First, we cast the place recognition problem as a classification task and use the available geotags to train a classifier for each location in the database in a similar manner to per exemplar SVMs in object recognition.
Second, we describe a representation of repeated image structures based on a simple modification of their weights in the bag-of-visual-word model and show that appropriate weighting of repeated image elements can significantly improve place recognition performance.
Finally, we describe a compact representation of 3D scenes, where an entire architectural site is represented by a small set of discriminative visual elements that are automatically learnt from rendered views. We demonstrate the learnt 3D visual elements can be used to match and localize historical and non-photographic imagery where the standard image representations based on local invariant features fail.
Results will be shown on collections of Internet images from Google street-view and Flickr as well as historical and non-photographic imagery.
Joint work with M. Aubry, P. Gronat, G. Obozinski, M. Okutomi, T. Pajdla, B. Russell and A. Torii.
Short bio: Josef Sivic received a degree from the Czech Technical University, Prague, in 2002 and the PhD degree from the University of Oxford in 2006. His thesis dealing with efficient visual search of images and videos was awarded the British Machine Vision Association 2007 Sullivan Thesis Prize and was short listed for the British Computer Society 2007 Distinguished Dissertation Award. His research interests include visual search and object recognition applied to large image and video collections. After spending six months as a postdoctoral researcher in the Computer Science and Artificial Intelligence Laboratory at the Massachusetts Institute of Technology, he currently holds a permanent position as an INRIA researcher at the Departement d’Informatique, Ecole Normale Superieure, Paris. He has published over 40 scientific publications and serves as an Associate Editor for the International Journal of Computer Vision.

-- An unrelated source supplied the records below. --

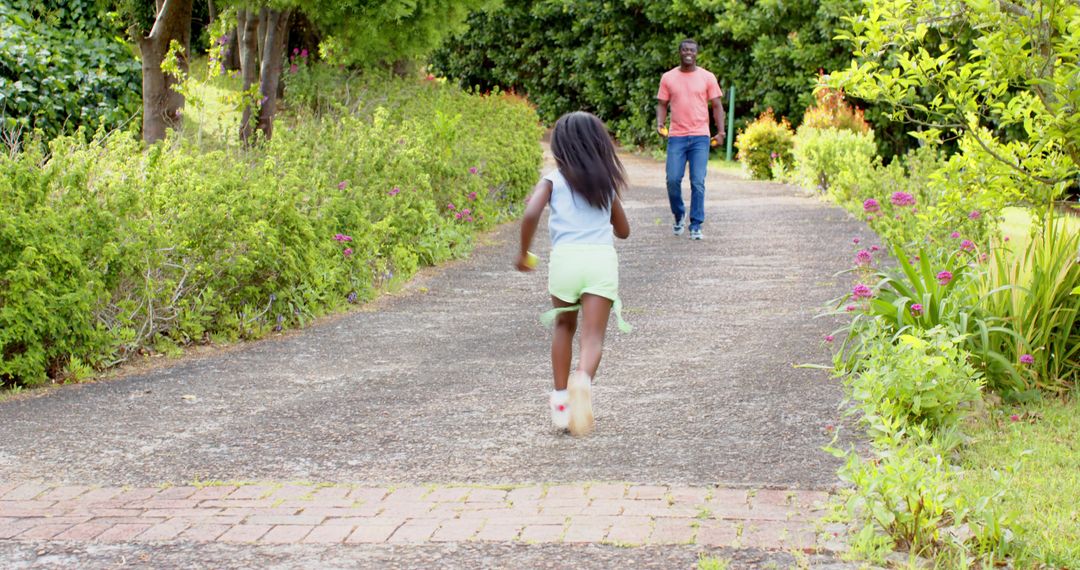 Father Watching Daughter Playing in Sunny Garden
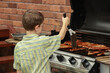 © Austockphoto - Young boy cooking sausages on the barbecue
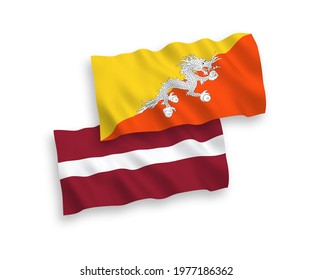 National vector fabric wave flags of Latvia and Kingdom of Bhutan isolated on white background. 1 to 2 proportion.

Noah Snavely, Cornell University
Abstract: At the last workshop on geolocation at ECCV 2012, an interesting theme emerged on the representation of places -- from sets of images, to images with relations, to 3D models, to sets of geographically distinctive elements. In our recent work, we have been exploring graphs on images -- where images are nodes with visual connections -- as a more structured way to represent locations. We show how combining these graphs with discriminative learning techniques can yield better performance for location recognition.
Short bio: Noah Snavely is an assistant professor of Computer Science at Cornell University, where he has been on the faculty since 2009. He received a Ph.D. in Computer Science and Engineering from the University of Washington in 2008. Noah works in computer graphics and computer vision, with a particular interest in using vast amounts of imagery from the Internet to reconstruct and visualize our world in 3D. His work was the basis for Microsoft's Photosynth, a tool for building 3D visualizations from photo collections that has been used by many thousands of people. Noah is the recipient of a Microsoft New Faculty Fellowship and an NSF CAREER Award, and has been recognized by Technology Review's TR35.